The bad news is she's 17. GAHHH! Ok. This is the third, the THIRD underage girl I've met recently who is attracted to me and I her and we actually click. There's just that huge age gap and possibility of jail time. Motherf...!!! Y'know, this puts me in mind of another thing, I've resolved something: I shouldn't date 19 year olds anymore. It's just a bad, bad idea. After two, I've learned this lesson.

Because at this age, 19 year old girls are PSYCHOTIC. I mean, more so than normal. Don't get me wrong, ladies, I love you. I mean, heck that's the problem, innit? But you're all crazy (yes, yes, we're not much better, but I'm not talking about us here). They're still teenagers, they're in periods of transition, they don't know what they want, and I always end up getting hurt. Okay, so I only have two experiences first hand, but believe me, I've spent much time observing other young ladies between 18-21 and the patterns all seem to be the same. All this uncertainty, transition, all that crap and I will always be lost in that shuffle. Least it sure as hell feels that way.

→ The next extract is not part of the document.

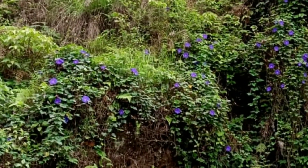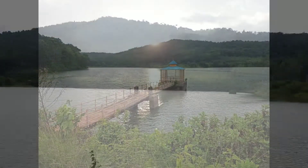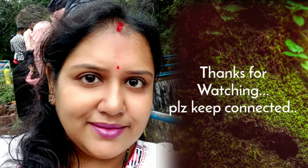Just see the color of the flower — it's really amazing. The place is really amazing. Thanks for watching my video. Please subscribe. Thank you, bye.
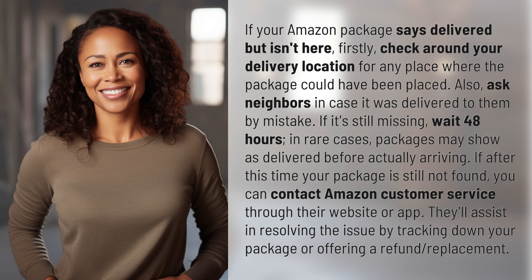If it's still missing, wait 48 hours. In rare cases, packages may show as delivered before actually arriving.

Why can't I just find a nice, stableish, saneish 23-30 year old woman? Is this so hard? It really shouldn't be. Good grief. Stupid hormones. Accursed deep-seated desire to mate and have companionship. Curse you, Richards. Always you defy me.

I went and saw the Danny Boyle film MILLIONS with Katya. Nice, odd little movie from the TRAINSPOTTING guy. Always nice to see James Nesbitt in a role. Katya was too tired to go to dinner since she had class tomorrow, but we will definitely do it again soon. Chemistry-wise, I think we're just friends. We'll keep seeing one another, and if it turns out that way, I'll be fine with that. Besides, she's 19, so maybe it's for the best for now.
thehefner: (hulk have axe)
Y'know, as I'm plotting out my graphic novel, I'm put in mind of something my mother used to say regarding my father: "You know, John, if you put all the things your father has done and said, no one would believe you. Or at least, they wouldn't understand." This is one of the fundamental truths about growing up with an alcoholic, and thus the reason for groups such as Al-Anon. How do you convey the years of molding and manipulation, of guilt and hurt?

Like, here's an example. )

How does one convey this through storytelling? I know that for the stuff about my girl angst to make sense in proper perspective, much of the comic has to be about my relationship with my father. It's central to who I am and why I'm like this.

A couple of days ago he went upstairs to "lie down for a few minutes" like he frequently does. I walked past the bedroom at one point to catch him not napping, but just lying down, staring straight ahead. The bedroom stank of filth and dried bodily fluids, and there were about three dozen used tissues on the floor (used with what, I couldn't say). I normally stay till around 6 but there was nothing left for me there to do (I mean, not like there ever IS, but well...) so I told him I was leaving. He looked absolutely heartbroken. "You... you are?" Heavens, a full 45 minutes earlier than usual.

So today, just before I began to write this entry, he said to me, "Johnny, I'm going to go lie down for a few minutes. Please... don't leave." The sadness in his voice, the touch of pleading, the utter dependence on me. What the hell is to be done with this man? I just don't bloody know. All I can do is put up with it and try to vent these and other such feelings of pain and angst into my art. Maybe I'll find some answers there.